#Feature Engineering

#1. What is a parameter?
- A parameter is an internal variable of a model that is learned from the training data during the model training process. Parameters determine how the model makes predictions.

- Example: Linear Regression

- The model is:

   - y=mx+b
   - y=mx+b

- m (weight) is a parameter

- b (bias or intercept) is a parameter

- These values are calculated automatically from the data during training.

# 2. What is correlation?
- Correlation is a statistical measure that describes the strength and direction of the relationship between two variables.

- In simple words, it tells us how one variable changes when another variable changes.

- Types of Correlation

   - Positive Correlation: Both variables increase or decrease together.

   - Example: As study hours increase, exam scores increase.

- Negative Correlation: One variable increases while the other decreases.
   - Example: As product price increases, demand decreases.

- Zero Correlation: No relationship between the variables.
   - Example: Shoe size and intelligence.

#3. What does negative correlation mean?
- Negative correlation means that when one variable increases, the other variable decreases, and vice versa.

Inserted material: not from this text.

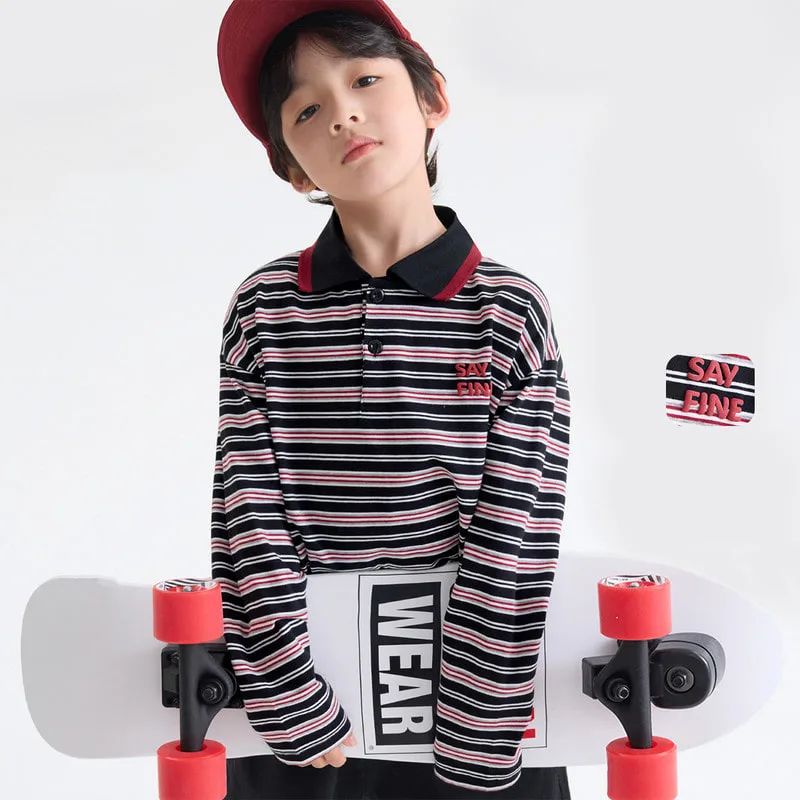 【KID】SAYFINEストライプ長袖ポロシャツ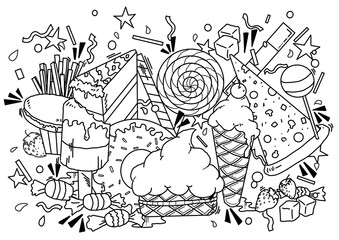 Coloring page set of food for kids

In other words, the two variables move in opposite directions.

- Example: As price increases, demand decreases

  - As exercise time increases, body weight decreases

- Correlation Coefficient: A negative correlation has a value between 0 and −1
−1 indicates a perfect negative correlation

- Graphical Meaning: On a scatter plot, negative correlation appears as a downward-sloping trend from left to right.

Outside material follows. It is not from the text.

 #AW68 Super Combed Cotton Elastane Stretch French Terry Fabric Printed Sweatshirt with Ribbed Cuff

# 4. Define Machine Learning. What are the main components in Machine Learning?
- Machine Learning is a method of data analysis that allows systems to automatically learn patterns from data and make predictions or decisions with minimal human intervention.

- Main Components of Machine Learning

   - Data: The most important component.
   - Can be structured or unstructured.
   - Used to train and test the model.

- Features
   - Input variables extracted from raw data.
   - Represent important characteristics used by the model.

- A mathematical representation that learns patterns from data.
- Examples: Linear Regression, Decision Tree, Neural Network.

- Algorithm

   - The procedure used to train the model.
   - Examples: Gradient Descent, K-Means, Backpropagation.

- Parameters: Values learned from data during training.
  - Examples: weights and bias.

- Hyperparameters: Values set before training to control learning.
  - Examples: learning rate, number of epochs, k in KNN.

- Evaluation Metric: Used to measure model performance.
  - Examples: Accuracy, Precision, Recall, RMSE.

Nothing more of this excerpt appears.